▸ **EXERCISE OBJECTIVE**
Give back every record below in full and exactly, but without a single image.

▸ **EXERCISE DATA**
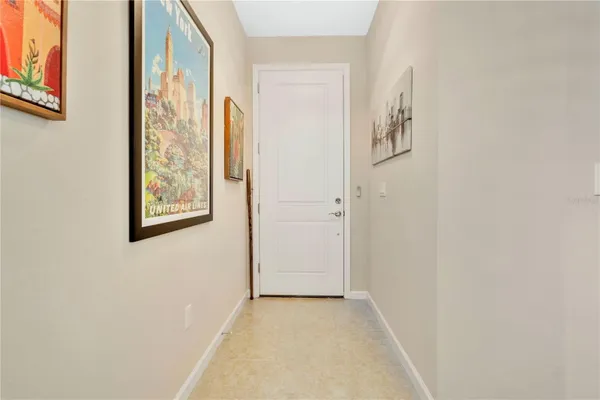 Property Slideshow image 2 of 36 | 161 old moss cir, Deland, FL, 32724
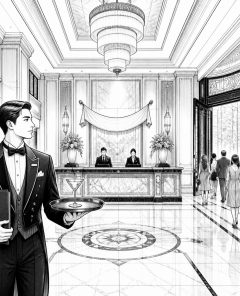 ai-steigenberger-frankfurter-hof-150-jahre-true-legend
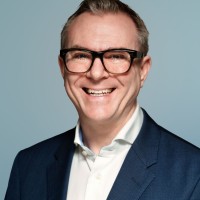 Jasper van Zon
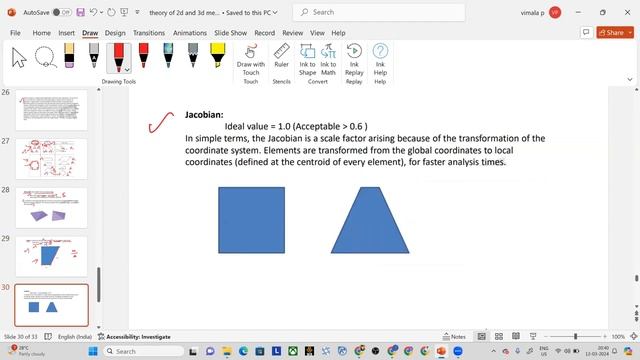 ANSA 2D and 3D Meshing | Mastering ANSA 2D and 3D Meshing Techniques смотреть онлайн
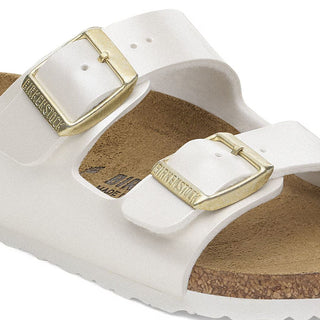 BIRKENSTOCK SANDALI ARIZONA IN BIRKO FLOR 1029456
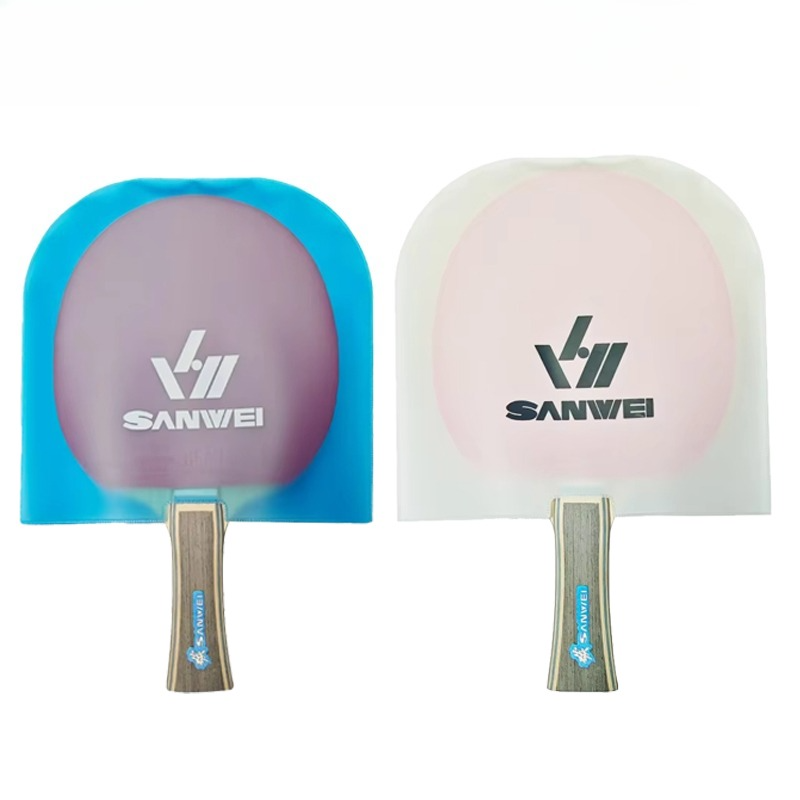 Racket Table Tennis Protection - Table Tennis Db review and price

▸ **ANSWER SECTION**
 Property Slideshow image 2 of 36 | 161 old moss cir, Deland, FL, 32724
 ai-steigenberger-frankfurter-hof-150-jahre-true-legend
 Jasper van Zon
 ANSA 2D and 3D Meshing | Mastering ANSA 2D and 3D Meshing Techniques смотреть онлайн
 BIRKENSTOCK SANDALI ARIZONA IN BIRKO FLOR 1029456
 Racket Table Tennis Protection - Table Tennis Db review and price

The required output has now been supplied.